[Task objective]: The reply should hold only the lines below beginning at the one with "Professional Iron Alto Saxophone Mic Holder" and ending at the one with "TOYOTA SIENTA", copied exactly, with every picture left out.

[Input records]:

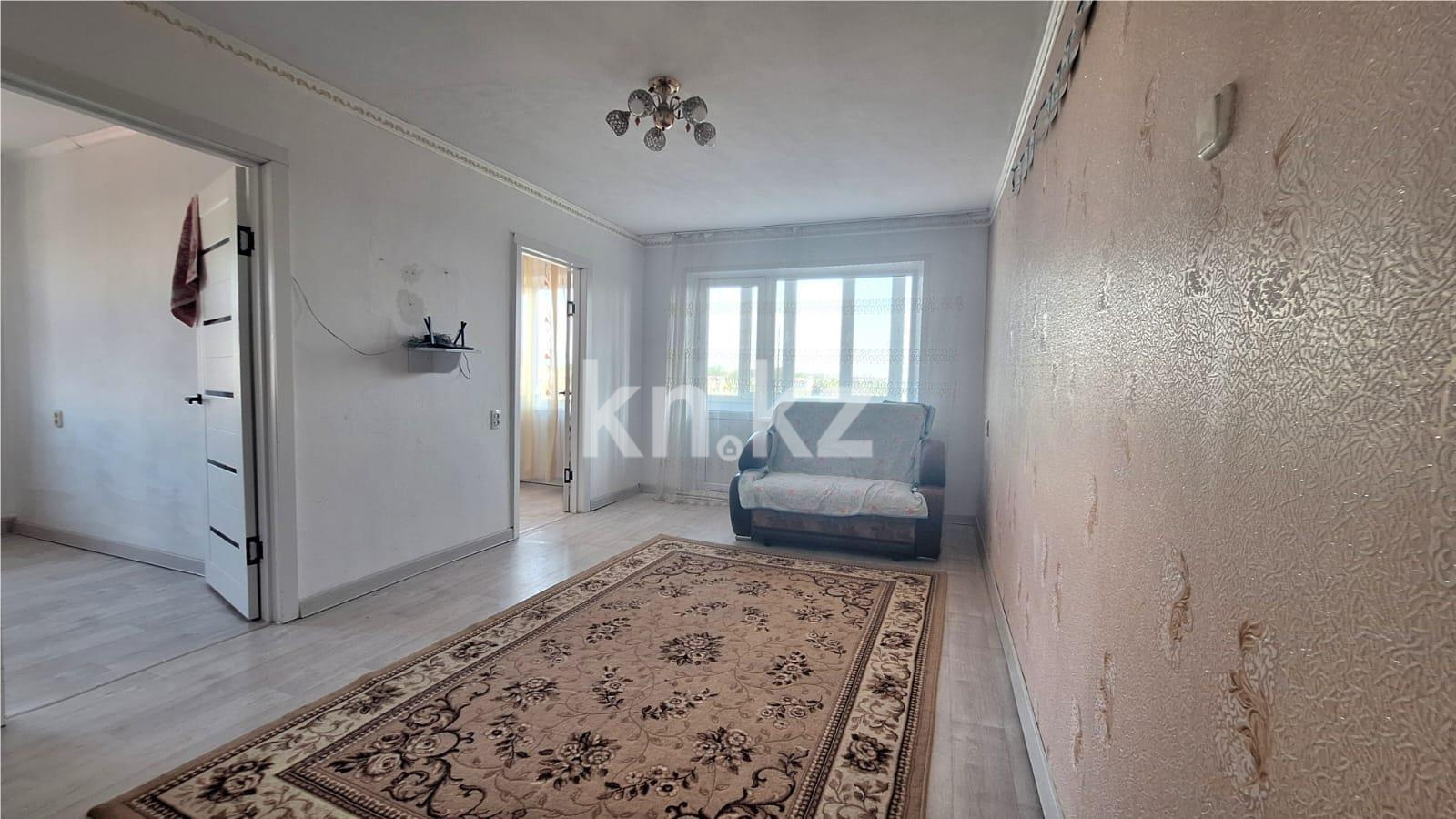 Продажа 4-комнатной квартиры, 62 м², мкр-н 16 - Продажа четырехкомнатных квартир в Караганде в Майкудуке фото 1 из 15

==

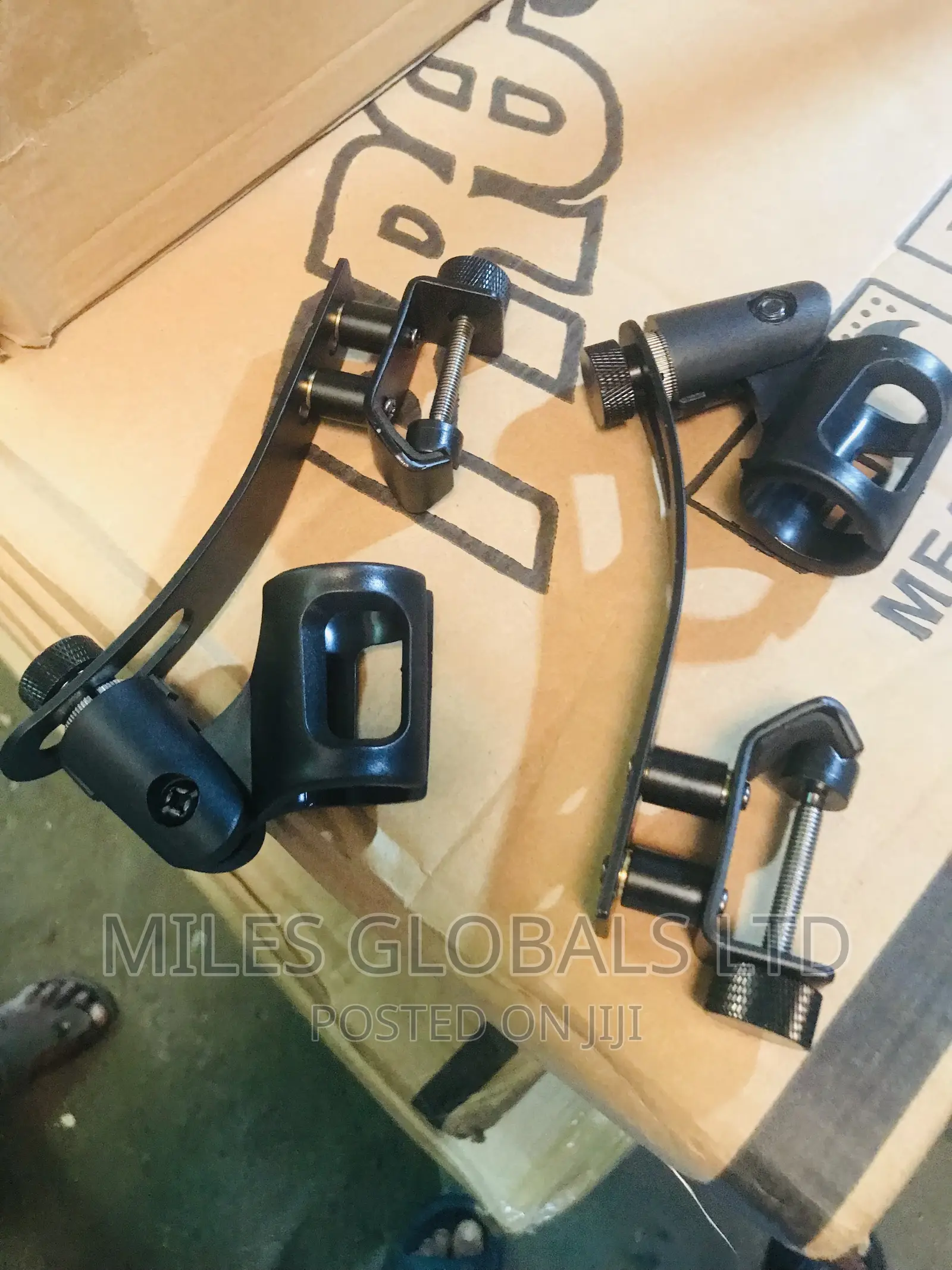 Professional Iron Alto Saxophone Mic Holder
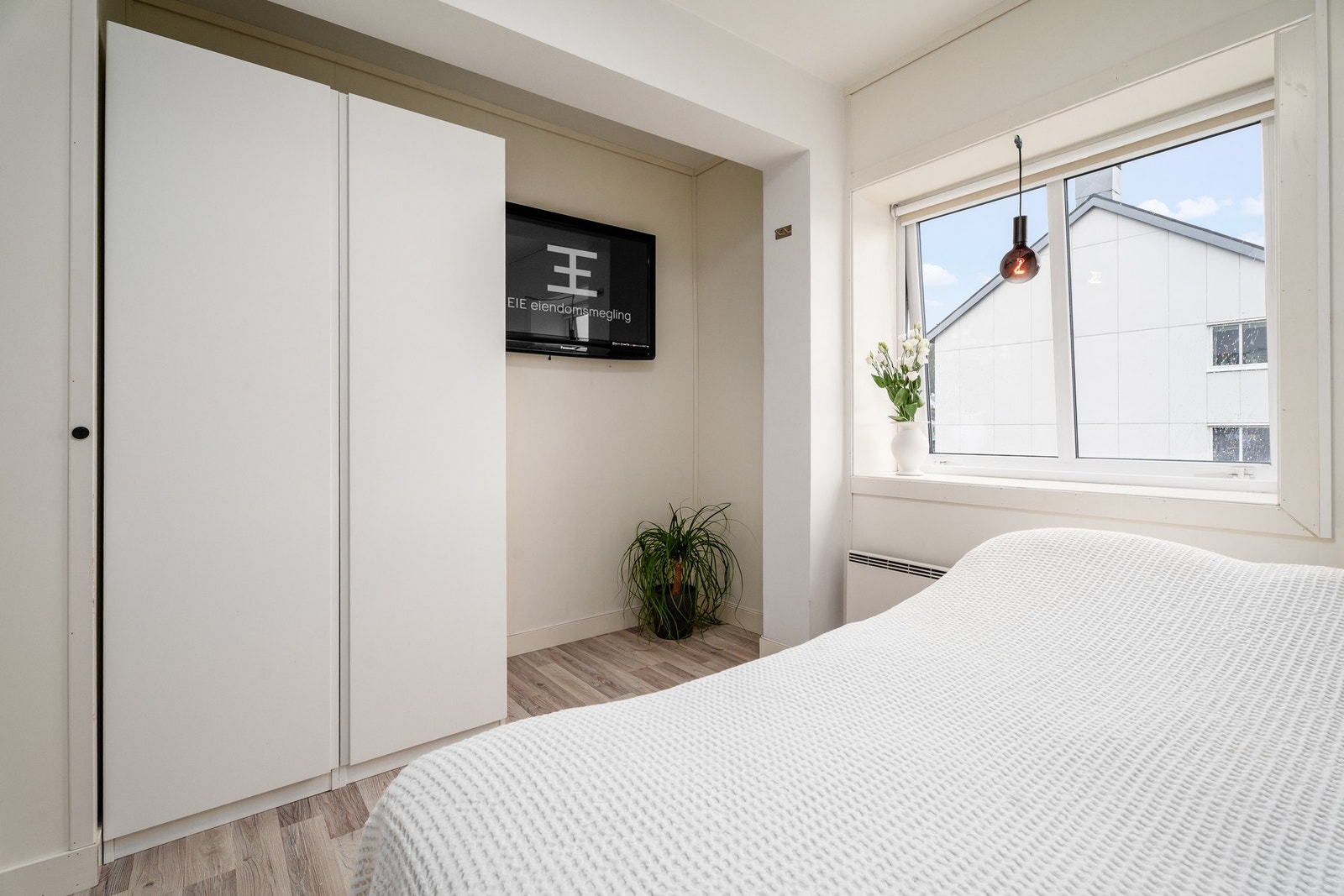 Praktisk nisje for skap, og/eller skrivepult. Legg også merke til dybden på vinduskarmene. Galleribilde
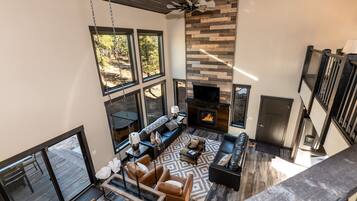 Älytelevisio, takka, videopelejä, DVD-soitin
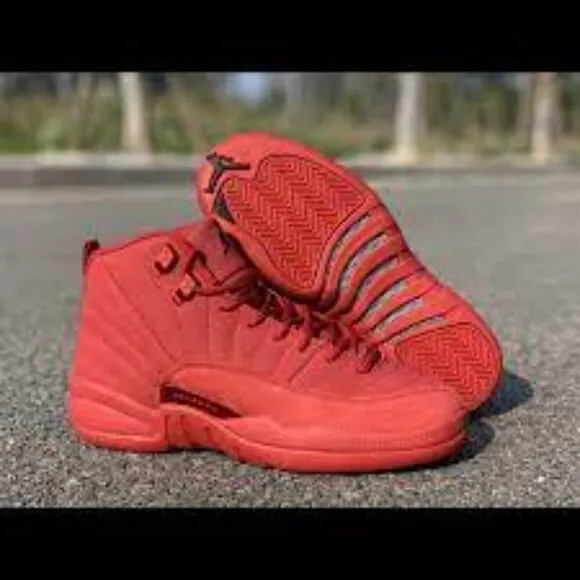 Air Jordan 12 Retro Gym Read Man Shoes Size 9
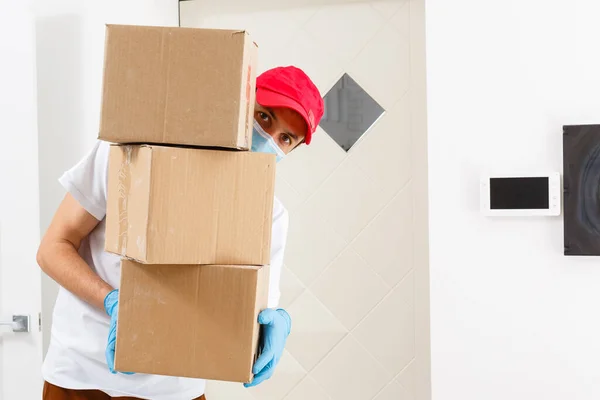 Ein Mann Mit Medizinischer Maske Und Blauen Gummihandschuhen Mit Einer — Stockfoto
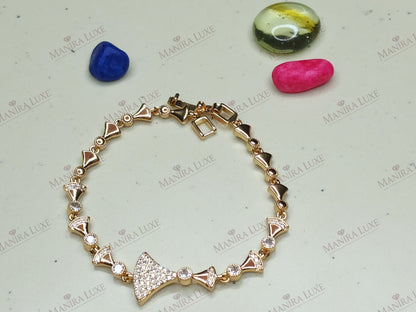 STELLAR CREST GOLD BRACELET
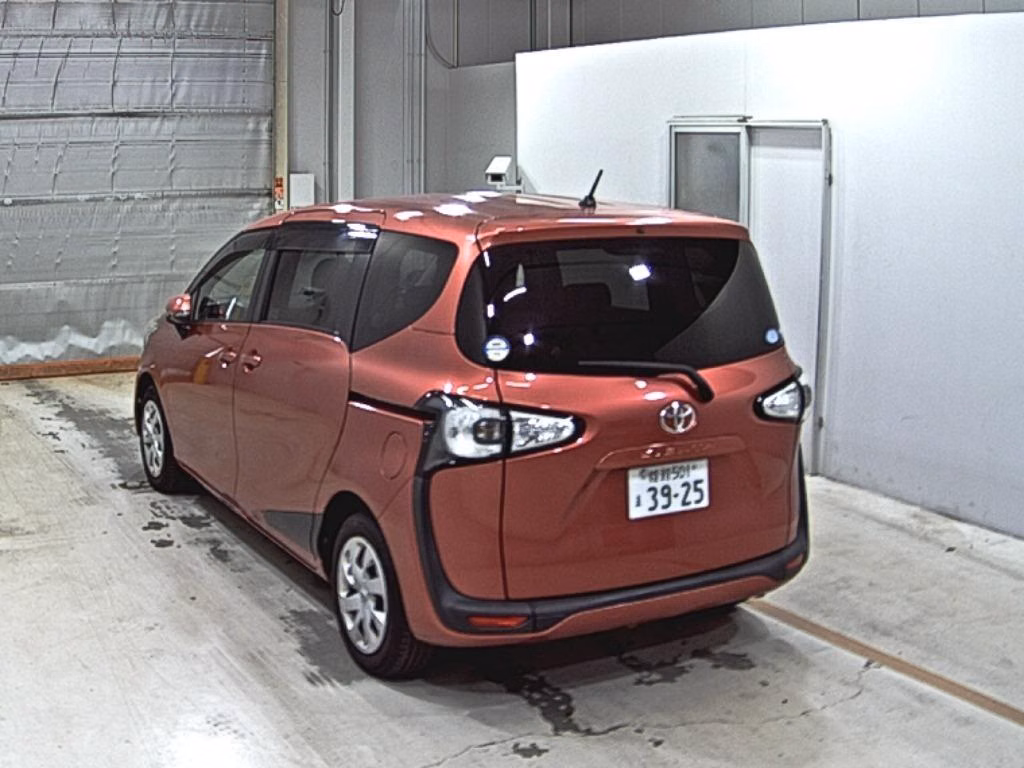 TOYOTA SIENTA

[The completed task]:
 Professional Iron Alto Saxophone Mic Holder
 Praktisk nisje for skap, og/eller skrivepult. Legg også merke til dybden på vinduskarmene. Galleribilde
 Älytelevisio, takka, videopelejä, DVD-soitin
 Air Jordan 12 Retro Gym Read Man Shoes Size 9
 Ein Mann Mit Medizinischer Maske Und Blauen Gummihandschuhen Mit Einer — Stockfoto
 STELLAR CREST GOLD BRACELET
 TOYOTA SIENTA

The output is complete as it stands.